+++ Extracted entries

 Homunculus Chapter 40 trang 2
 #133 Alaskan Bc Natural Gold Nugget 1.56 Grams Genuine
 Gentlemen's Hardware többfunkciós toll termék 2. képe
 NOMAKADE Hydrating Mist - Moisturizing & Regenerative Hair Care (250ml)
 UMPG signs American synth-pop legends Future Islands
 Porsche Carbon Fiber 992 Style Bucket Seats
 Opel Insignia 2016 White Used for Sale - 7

++++++
+++ Extracted entries

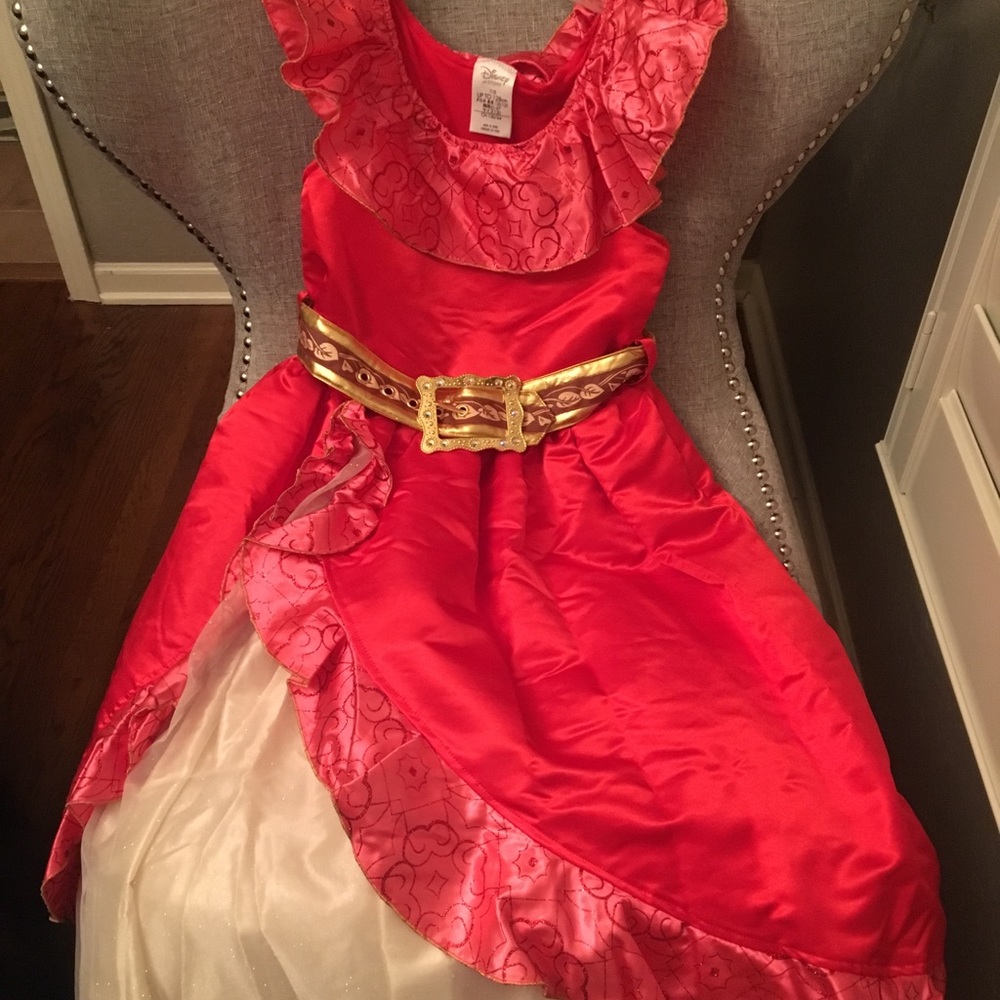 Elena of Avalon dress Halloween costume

++++++

### What you need to do:
Keeping every character as it is, restate the lines above that run from the line with "Gentlemen's Hardware többfunkciós" through the line with "Opel Insignia 2016 White Used for Sale - 7", both included, and nothing else.

### Result:
 Gentlemen's Hardware többfunkciós toll termék 2. képe
 NOMAKADE Hydrating Mist - Moisturizing & Regenerative Hair Care (250ml)
 UMPG signs American synth-pop legends Future Islands
 Porsche Carbon Fiber 992 Style Bucket Seats
 Opel Insignia 2016 White Used for Sale - 7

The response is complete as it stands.